| Activity |
Output only the stretch of the listing that starts at the line containing "Matte Displayschutzfolie von" and ends at the line containing "Rose trémière - blanc - image 2", reproduced exactly with both ends.

| Information supplied |

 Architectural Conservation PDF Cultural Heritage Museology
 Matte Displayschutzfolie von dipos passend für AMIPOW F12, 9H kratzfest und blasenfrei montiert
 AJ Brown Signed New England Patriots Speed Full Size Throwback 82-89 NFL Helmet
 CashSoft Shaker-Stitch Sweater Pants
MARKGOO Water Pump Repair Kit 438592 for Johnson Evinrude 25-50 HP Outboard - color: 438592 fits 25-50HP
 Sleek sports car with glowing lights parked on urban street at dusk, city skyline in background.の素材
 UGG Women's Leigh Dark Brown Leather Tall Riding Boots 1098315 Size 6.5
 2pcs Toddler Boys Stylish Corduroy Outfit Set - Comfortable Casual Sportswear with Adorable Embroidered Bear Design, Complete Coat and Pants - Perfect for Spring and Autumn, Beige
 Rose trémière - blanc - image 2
* * *
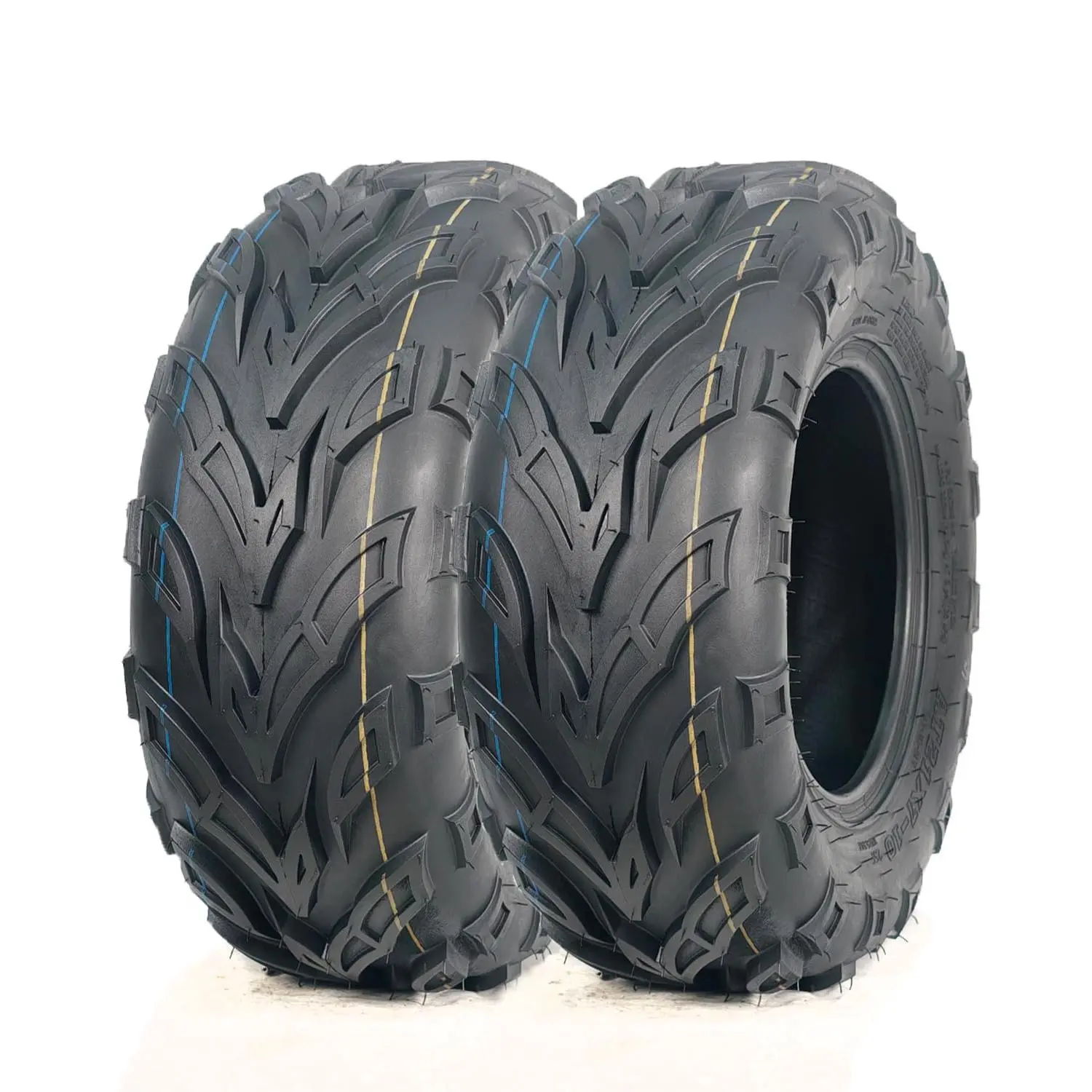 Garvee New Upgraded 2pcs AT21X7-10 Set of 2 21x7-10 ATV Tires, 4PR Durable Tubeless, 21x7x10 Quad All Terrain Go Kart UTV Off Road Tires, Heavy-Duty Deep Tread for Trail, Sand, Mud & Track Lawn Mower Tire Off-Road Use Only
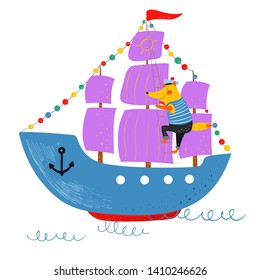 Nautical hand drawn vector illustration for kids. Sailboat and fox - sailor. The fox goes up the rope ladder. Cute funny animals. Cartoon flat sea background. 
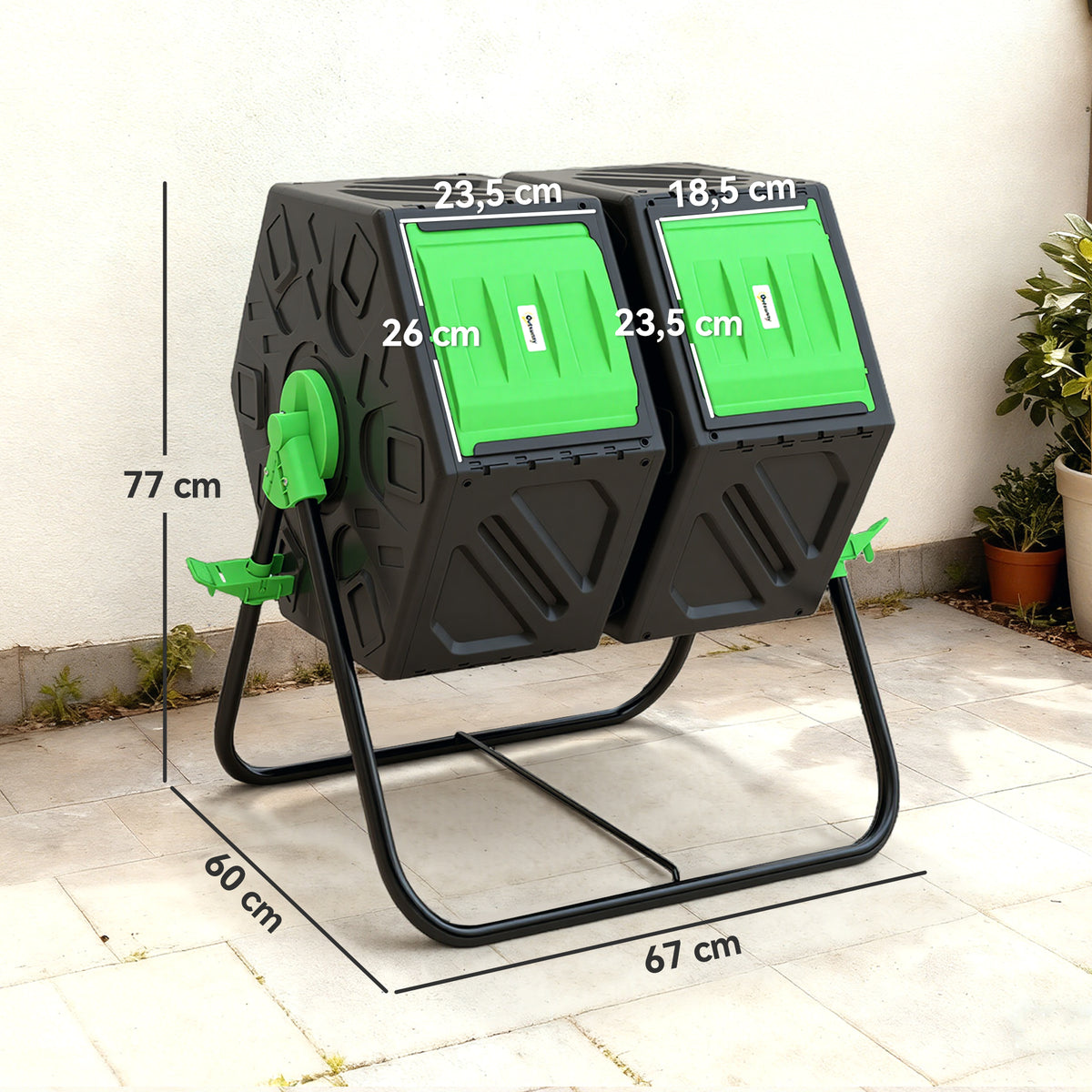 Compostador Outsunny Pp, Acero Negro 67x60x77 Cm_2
==
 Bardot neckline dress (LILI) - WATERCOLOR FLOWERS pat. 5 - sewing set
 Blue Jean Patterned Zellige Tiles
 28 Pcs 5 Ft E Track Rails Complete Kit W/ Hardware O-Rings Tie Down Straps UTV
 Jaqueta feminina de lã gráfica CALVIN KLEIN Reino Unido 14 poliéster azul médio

| Written answer |
 Matte Displayschutzfolie von dipos passend für AMIPOW F12, 9H kratzfest und blasenfrei montiert
 AJ Brown Signed New England Patriots Speed Full Size Throwback 82-89 NFL Helmet
 CashSoft Shaker-Stitch Sweater Pants
MARKGOO Water Pump Repair Kit 438592 for Johnson Evinrude 25-50 HP Outboard - color: 438592 fits 25-50HP
 Sleek sports car with glowing lights parked on urban street at dusk, city skyline in background.の素材
 UGG Women's Leigh Dark Brown Leather Tall Riding Boots 1098315 Size 6.5
 2pcs Toddler Boys Stylish Corduroy Outfit Set - Comfortable Casual Sportswear with Adorable Embroidered Bear Design, Complete Coat and Pants - Perfect for Spring and Autumn, Beige
 Rose trémière - blanc - image 2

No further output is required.